Le métier d'encadrant PTP est un métier qui n'existe nulle part ailleurs. Il requiert autant des qualités et connaissances techniques que des qualités humaines et pédagogiques. Il faut vouloir et pouvoir encadrer des travailleurs « difficiles » soit par leur manque de connaissance du métier, soit par leur manque d'habitudes de travail (conflits, lenteur, retards, compréhension des consignes etc.). Certaines structures se sont ainsi dotées d'un ou de plusieurs encadrants d'encadrants. Sortes de superviseurs et de super-pédagogues, ils ont une longue expérience dans le technique, dans la pédagogie et dans le social.
L'encadrement, l'accompagnement et la formation peuvent être faits soit par la même personne soit par plusieurs personnes. Le travail consiste en tout cas à
- Former les travailleurs PTP techniquement;
- Encadrer et assurer la bonne fin du travail ;
- Former aux attitudes et aux réalités de travail (travail en équipe, respect du règlement de travail, des horaires, de la qualité) ;
- Gérer la multiculturalité là où, de fait, les communautarismes agissent de façon exacerbée (certains métiers ou emplois sont quasiment organisés en filières communautaires) ;
- Accompagner sur les plans administratif et social. Même si les problèmes sociaux sont gérés par ailleurs, ils existent et influencent le travail produit. Il faut donc lever ces obstacles au bon déroulement du travail et de la formation, à tout le moins repérer les problèmes et orienter les travailleurs vers des services spécialisés;
- Et finalement trouver les moyens de faire se rencontrer les aptitudes du public-cible PTP, les niveaux de qualité, de rentabilité et de compétences exigées par les entreprises « normales ».
- Les encadrants PTP sont en fait des « moutons à cinq pattes », rares, précieux, totalement engagés dans leur métier, et... extrêmement difficiles à trouver.
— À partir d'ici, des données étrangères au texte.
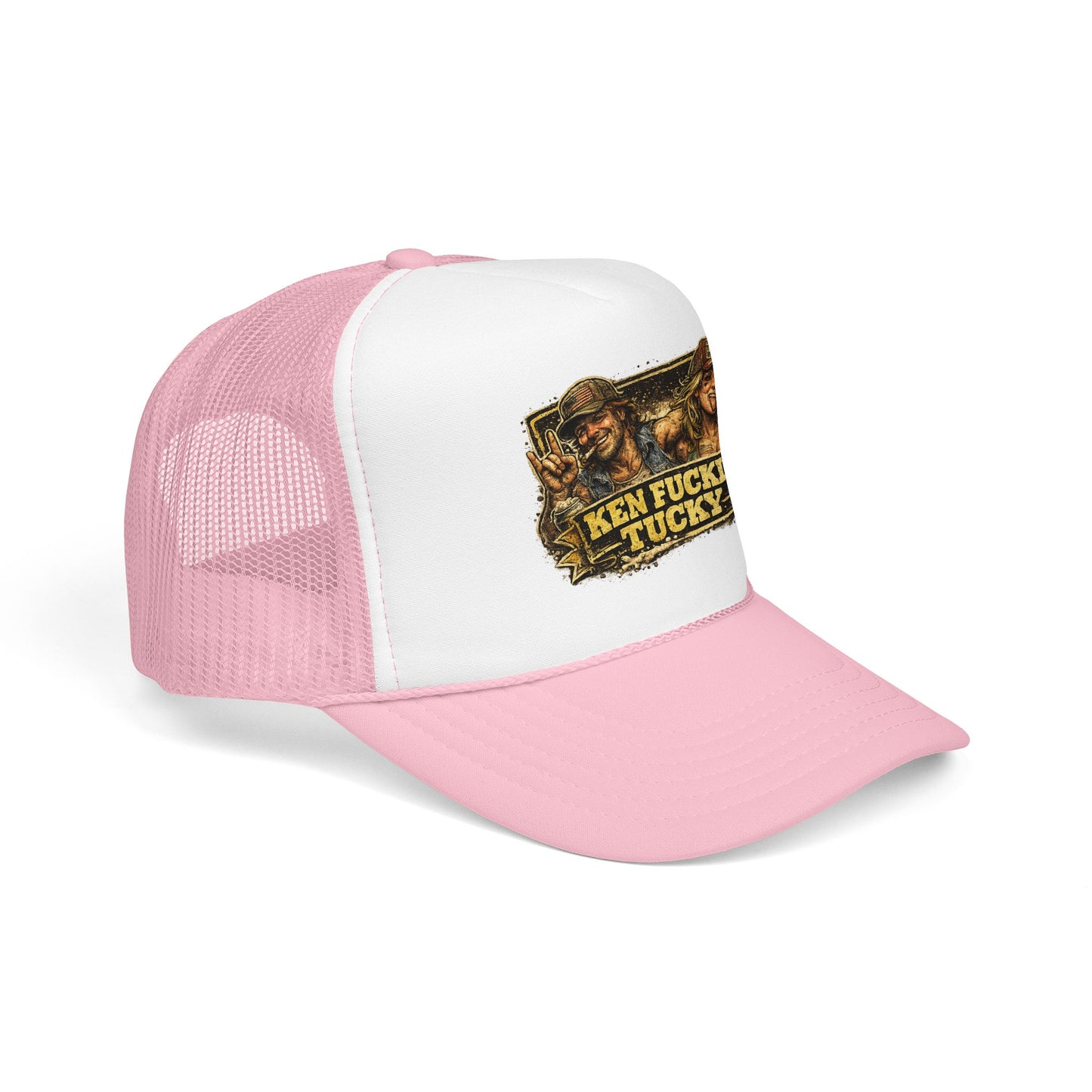 Ken Fn' Tucky Foam Trucker Hat (Printed)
Le cumul de toutes ces fonctions s'avère souvent incompatible. On ne peut à la fois traiter les problèmes sociaux et sanctionner (pour des retards répétés par exemple). La fonction est en pratique souvent scindée dans des emplois distincts, ce qui n'est possible que dans les structures où il y a plusieurs encadrants.
Sans oublier que cette fonction est rémunérée en moyenne par un salaire mensuel brut moyen de 1.700 à 1.900 euros. Oui, ce sont bien des moutons à cinq pattes... et pourtant sans eux, pas de projets PTP.
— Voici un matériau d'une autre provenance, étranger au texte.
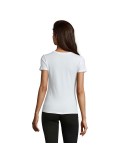 Tee-shirt Femme Personnalisable 100% Coton Régent Fit 150g Matières : coton Taille textile : M Couleurs : blanc personnalisation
LA FORMATION DES TRAVAILLEURS PTP
UNE FORMATION ESSENTIELLEMENT PAR LA PRATIQUE
L'apprentissage, c'est maintenant bien connu, ne peut se faire que si l'environnement est sécurisant. Cela suppose qu'une série de problèmes soient réglés - c'est le travail d'accompagnement - pour que la disponibilité à l'apprentissage et la confiance en soi existent. La bienveillance à l'égard des travailleurs, liée à une exigence de qualité, sont des outils de travail indispensables. L'engagement des encadrants va donc bien au-delà de ce qui est nécessaire dans un travail « normal ».
Sans pratique, donc, pas d'apprentissage possible pour ce type de public. Le travail est donc bien réel, la production, les chantiers, les services, le matériel, tout est « normal », comme dans les autres entreprises. Ce qui diffère, c'est l'encadrement, la tolérance aux erreurs, le temps consacré à leur correction, la fixation des objectifs à atteindre mêlant patience et faisabilité, et la pédagogie liée au travail presté. Et, bien sûr, la prise en charge de solutions des problèmes périphériques (sociaux, de santé etc.). La formation se fait constamment et de toutes les manières possibles, au cours des tâches à accomplir.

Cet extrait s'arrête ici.